= Exercise instructions =
Output all records exactly.

BEGIN Record set

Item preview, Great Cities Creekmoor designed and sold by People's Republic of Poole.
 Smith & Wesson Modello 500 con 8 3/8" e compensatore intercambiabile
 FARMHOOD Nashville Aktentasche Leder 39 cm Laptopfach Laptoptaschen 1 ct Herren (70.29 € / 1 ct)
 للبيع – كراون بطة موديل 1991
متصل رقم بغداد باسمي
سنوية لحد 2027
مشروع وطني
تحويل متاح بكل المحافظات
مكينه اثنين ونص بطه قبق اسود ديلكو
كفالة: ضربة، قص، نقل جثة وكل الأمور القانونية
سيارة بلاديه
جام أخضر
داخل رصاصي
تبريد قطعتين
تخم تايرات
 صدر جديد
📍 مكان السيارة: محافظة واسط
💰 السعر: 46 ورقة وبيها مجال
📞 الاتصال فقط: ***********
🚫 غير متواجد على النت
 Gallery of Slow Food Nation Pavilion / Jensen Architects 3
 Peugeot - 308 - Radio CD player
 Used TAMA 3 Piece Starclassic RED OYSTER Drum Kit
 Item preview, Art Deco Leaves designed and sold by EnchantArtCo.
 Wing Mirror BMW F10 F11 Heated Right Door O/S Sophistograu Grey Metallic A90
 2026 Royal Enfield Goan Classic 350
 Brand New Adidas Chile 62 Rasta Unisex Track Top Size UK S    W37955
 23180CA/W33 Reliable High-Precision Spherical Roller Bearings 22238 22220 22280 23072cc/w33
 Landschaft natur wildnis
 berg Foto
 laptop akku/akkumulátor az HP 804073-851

END Record set

= Your response =
Item preview, Great Cities Creekmoor designed and sold by People's Republic of Poole.
 Smith & Wesson Modello 500 con 8 3/8" e compensatore intercambiabile
 FARMHOOD Nashville Aktentasche Leder 39 cm Laptopfach Laptoptaschen 1 ct Herren (70.29 € / 1 ct)
 للبيع – كراون بطة موديل 1991
متصل رقم بغداد باسمي
سنوية لحد 2027
مشروع وطني
تحويل متاح بكل المحافظات
مكينه اثنين ونص بطه قبق اسود ديلكو
كفالة: ضربة، قص، نقل جثة وكل الأمور القانونية
سيارة بلاديه
جام أخضر
داخل رصاصي
تبريد قطعتين
تخم تايرات
 صدر جديد
📍 مكان السيارة: محافظة واسط
💰 السعر: 46 ورقة وبيها مجال
📞 الاتصال فقط: ***********
🚫 غير متواجد على النت
 Gallery of Slow Food Nation Pavilion / Jensen Architects 3
 Peugeot - 308 - Radio CD player
 Used TAMA 3 Piece Starclassic RED OYSTER Drum Kit
 Item preview, Art Deco Leaves designed and sold by EnchantArtCo.
 Wing Mirror BMW F10 F11 Heated Right Door O/S Sophistograu Grey Metallic A90
 2026 Royal Enfield Goan Classic 350
 Brand New Adidas Chile 62 Rasta Unisex Track Top Size UK S    W37955
 23180CA/W33 Reliable High-Precision Spherical Roller Bearings 22238 22220 22280 23072cc/w33
 Landschaft natur wildnis
 berg Foto
 laptop akku/akkumulátor az HP 804073-851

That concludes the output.